> [Aim of the task]
Could you filter the material and copy every line where the word "blue" occurs?
START Records
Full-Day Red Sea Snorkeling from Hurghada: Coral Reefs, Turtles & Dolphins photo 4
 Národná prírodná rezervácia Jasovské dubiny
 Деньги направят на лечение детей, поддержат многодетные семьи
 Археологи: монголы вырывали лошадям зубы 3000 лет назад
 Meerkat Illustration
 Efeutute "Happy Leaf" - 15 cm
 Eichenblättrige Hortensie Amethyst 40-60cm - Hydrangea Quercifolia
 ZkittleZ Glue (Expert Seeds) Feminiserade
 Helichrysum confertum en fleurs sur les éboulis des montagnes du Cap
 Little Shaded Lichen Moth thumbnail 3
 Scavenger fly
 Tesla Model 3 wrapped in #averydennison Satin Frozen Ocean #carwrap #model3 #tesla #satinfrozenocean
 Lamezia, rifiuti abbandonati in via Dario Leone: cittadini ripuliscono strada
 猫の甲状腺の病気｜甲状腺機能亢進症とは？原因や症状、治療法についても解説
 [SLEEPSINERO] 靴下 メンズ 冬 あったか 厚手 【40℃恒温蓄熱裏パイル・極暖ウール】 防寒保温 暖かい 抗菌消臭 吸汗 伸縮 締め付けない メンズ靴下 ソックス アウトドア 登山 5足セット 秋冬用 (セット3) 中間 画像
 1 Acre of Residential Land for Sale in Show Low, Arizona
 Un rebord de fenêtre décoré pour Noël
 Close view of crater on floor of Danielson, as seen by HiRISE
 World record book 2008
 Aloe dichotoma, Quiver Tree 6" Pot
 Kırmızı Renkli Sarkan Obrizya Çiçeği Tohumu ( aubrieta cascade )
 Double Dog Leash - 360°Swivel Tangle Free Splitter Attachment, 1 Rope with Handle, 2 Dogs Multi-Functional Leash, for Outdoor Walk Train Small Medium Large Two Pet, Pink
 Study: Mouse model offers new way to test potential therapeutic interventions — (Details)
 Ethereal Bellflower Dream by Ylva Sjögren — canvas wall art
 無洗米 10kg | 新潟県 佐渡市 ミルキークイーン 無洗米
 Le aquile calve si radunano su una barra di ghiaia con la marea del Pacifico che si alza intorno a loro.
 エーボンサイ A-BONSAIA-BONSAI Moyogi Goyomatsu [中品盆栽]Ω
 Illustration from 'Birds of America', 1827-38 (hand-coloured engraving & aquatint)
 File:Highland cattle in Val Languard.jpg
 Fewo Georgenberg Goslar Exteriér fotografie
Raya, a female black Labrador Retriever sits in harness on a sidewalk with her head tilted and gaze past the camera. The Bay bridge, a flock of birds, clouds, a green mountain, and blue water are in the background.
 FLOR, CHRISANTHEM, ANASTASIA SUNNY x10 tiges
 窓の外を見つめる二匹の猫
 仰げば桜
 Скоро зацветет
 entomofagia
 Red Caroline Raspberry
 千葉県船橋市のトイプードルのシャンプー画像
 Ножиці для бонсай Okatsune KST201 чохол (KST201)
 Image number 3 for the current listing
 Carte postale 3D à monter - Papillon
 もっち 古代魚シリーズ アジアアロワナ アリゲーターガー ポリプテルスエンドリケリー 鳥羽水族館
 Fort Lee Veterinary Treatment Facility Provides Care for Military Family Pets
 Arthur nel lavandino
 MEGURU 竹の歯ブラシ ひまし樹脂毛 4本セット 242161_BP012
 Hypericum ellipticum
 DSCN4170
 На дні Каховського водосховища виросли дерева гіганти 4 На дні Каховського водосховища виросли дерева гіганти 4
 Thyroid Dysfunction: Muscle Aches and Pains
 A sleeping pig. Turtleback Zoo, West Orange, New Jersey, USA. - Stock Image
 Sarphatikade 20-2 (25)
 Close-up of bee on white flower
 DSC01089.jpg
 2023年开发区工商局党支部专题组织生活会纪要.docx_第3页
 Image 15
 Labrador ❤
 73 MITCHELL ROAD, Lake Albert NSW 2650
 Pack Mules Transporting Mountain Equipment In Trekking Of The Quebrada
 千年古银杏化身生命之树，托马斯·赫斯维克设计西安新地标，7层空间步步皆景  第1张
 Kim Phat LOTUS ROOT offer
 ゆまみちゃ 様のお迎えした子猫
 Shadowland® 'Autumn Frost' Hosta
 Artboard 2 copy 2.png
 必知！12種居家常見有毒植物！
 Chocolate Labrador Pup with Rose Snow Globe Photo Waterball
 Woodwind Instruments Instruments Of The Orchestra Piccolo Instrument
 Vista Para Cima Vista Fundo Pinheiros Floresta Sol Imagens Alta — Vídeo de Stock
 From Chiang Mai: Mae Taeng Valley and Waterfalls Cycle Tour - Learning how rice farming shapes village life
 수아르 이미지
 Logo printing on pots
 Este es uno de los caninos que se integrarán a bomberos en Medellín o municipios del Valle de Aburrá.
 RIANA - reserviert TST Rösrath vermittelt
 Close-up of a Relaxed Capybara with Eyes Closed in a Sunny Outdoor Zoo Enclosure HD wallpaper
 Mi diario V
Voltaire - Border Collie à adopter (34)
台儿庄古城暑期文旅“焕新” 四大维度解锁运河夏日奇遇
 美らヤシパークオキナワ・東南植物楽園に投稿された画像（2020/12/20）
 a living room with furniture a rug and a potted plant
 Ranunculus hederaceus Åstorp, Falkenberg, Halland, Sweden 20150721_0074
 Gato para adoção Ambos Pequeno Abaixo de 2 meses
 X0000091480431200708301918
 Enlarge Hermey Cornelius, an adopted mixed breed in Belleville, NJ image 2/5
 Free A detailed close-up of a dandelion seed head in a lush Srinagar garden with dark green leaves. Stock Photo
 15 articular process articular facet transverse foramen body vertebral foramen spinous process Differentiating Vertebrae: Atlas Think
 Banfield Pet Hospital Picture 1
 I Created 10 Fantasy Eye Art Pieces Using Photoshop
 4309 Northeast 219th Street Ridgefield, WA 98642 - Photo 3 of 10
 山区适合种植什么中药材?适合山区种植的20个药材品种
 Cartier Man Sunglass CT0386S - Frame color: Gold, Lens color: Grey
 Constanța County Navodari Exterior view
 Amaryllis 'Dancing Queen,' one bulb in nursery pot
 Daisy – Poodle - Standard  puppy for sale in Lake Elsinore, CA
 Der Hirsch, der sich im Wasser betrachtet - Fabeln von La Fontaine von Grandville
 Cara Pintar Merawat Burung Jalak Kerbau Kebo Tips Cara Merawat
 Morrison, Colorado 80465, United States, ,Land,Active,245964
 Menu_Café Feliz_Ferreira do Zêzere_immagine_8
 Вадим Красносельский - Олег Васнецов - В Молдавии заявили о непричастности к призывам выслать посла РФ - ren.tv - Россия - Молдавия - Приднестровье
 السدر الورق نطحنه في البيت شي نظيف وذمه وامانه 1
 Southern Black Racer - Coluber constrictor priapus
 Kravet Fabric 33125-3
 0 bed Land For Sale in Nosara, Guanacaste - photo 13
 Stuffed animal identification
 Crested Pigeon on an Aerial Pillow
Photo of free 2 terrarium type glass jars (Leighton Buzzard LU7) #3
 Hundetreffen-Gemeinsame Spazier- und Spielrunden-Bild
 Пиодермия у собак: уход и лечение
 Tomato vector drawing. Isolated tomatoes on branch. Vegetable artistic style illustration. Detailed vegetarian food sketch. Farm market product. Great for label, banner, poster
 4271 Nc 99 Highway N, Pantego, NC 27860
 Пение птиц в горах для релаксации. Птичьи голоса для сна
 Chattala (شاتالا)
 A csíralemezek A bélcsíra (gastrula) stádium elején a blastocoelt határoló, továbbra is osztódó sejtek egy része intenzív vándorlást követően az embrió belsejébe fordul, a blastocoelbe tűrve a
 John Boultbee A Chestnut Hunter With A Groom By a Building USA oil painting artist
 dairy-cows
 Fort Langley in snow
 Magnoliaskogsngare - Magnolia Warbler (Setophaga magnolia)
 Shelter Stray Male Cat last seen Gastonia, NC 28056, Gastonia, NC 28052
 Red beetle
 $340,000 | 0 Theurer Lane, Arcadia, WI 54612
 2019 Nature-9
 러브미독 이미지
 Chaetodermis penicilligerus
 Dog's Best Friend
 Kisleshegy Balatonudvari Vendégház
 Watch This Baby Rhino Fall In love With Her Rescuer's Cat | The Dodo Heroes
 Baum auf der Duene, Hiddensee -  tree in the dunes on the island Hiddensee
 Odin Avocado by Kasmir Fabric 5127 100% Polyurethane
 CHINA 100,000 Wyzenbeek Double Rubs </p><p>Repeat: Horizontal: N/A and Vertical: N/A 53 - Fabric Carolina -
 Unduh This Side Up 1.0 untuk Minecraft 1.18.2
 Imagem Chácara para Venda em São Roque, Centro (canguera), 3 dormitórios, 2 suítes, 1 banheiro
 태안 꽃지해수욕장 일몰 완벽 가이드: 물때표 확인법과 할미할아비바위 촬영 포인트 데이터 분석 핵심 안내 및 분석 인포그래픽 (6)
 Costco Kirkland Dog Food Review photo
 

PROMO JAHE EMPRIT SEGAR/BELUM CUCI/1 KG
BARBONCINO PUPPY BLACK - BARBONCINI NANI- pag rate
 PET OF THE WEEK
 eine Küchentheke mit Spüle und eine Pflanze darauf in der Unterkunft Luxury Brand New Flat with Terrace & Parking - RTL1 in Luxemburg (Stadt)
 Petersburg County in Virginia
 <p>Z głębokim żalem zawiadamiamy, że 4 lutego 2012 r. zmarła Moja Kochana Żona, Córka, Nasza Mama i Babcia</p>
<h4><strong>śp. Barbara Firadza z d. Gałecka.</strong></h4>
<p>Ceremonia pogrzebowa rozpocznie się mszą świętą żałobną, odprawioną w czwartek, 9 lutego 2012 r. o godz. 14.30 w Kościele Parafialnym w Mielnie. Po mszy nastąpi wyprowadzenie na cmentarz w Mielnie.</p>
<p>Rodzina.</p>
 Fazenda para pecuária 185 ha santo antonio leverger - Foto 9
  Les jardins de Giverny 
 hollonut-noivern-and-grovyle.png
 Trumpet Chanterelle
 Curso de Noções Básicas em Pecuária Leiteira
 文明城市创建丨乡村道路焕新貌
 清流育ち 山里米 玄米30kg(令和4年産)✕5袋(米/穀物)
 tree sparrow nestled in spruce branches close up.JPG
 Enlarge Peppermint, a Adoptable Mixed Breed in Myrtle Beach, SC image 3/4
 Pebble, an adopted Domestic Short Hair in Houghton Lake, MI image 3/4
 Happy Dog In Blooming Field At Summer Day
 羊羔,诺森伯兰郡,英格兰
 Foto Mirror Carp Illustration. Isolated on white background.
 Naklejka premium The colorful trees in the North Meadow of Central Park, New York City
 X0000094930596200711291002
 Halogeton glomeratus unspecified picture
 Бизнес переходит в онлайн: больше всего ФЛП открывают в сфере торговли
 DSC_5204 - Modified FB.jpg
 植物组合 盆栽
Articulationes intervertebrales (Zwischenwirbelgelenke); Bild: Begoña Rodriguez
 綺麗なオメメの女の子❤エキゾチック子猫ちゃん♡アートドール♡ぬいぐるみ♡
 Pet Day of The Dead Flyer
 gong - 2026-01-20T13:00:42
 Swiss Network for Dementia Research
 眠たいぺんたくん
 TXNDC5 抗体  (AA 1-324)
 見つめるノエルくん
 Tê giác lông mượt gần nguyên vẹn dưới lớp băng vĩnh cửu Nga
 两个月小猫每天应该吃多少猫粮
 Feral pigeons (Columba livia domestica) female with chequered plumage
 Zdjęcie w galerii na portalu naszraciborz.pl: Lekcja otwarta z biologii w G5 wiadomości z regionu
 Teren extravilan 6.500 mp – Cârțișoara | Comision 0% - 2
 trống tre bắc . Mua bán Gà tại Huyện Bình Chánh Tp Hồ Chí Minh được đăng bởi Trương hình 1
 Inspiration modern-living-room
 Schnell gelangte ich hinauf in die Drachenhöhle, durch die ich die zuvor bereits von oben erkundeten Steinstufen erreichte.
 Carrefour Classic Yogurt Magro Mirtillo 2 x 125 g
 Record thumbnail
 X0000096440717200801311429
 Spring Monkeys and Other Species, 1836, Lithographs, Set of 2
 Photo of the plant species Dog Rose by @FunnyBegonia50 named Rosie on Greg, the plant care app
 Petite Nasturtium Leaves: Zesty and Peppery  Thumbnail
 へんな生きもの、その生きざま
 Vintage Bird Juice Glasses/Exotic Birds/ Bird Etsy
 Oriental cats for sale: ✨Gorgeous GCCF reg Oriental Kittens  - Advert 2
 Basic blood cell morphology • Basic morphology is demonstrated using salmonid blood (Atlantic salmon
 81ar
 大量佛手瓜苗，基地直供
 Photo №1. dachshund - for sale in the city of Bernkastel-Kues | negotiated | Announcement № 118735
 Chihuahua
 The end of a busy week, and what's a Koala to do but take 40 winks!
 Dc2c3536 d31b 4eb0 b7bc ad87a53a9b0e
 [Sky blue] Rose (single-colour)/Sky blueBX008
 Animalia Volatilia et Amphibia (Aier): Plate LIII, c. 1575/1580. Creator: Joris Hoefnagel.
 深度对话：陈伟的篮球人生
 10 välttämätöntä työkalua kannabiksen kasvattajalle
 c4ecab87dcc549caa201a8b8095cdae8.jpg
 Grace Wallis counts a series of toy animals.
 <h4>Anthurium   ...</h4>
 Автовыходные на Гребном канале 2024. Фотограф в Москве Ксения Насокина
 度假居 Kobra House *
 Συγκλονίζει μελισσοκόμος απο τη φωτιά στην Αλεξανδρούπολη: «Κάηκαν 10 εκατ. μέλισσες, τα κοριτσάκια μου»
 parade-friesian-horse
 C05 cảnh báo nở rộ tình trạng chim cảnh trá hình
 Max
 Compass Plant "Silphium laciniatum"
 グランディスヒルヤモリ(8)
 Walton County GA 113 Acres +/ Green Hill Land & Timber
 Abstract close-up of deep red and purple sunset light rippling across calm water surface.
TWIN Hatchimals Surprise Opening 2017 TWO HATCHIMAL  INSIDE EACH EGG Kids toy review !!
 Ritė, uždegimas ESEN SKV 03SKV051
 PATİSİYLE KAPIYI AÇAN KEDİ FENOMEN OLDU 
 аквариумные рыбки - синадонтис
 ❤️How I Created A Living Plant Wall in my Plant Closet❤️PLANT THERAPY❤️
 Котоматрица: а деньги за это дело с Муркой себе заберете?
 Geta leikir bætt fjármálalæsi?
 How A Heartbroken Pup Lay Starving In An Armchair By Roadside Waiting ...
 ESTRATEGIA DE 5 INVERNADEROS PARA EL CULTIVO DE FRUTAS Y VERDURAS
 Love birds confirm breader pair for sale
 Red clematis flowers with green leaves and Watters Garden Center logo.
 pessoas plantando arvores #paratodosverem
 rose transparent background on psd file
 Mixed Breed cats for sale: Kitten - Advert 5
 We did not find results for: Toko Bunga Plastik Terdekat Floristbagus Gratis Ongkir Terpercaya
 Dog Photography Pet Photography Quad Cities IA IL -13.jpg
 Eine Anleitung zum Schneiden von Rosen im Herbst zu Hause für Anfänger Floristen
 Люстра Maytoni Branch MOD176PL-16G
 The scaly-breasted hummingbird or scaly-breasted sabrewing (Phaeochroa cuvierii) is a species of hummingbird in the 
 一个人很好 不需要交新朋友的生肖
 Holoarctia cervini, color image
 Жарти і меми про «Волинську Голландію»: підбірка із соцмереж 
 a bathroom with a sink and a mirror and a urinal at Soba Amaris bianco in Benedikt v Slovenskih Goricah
END Records
> [Response area]
Raya, a female black Labrador Retriever sits in harness on a sidewalk with her head tilted and gaze past the camera. The Bay bridge, a flock of birds, clouds, a green mountain, and blue water are in the background.
 [Sky blue] Rose (single-colour)/Sky blueBX008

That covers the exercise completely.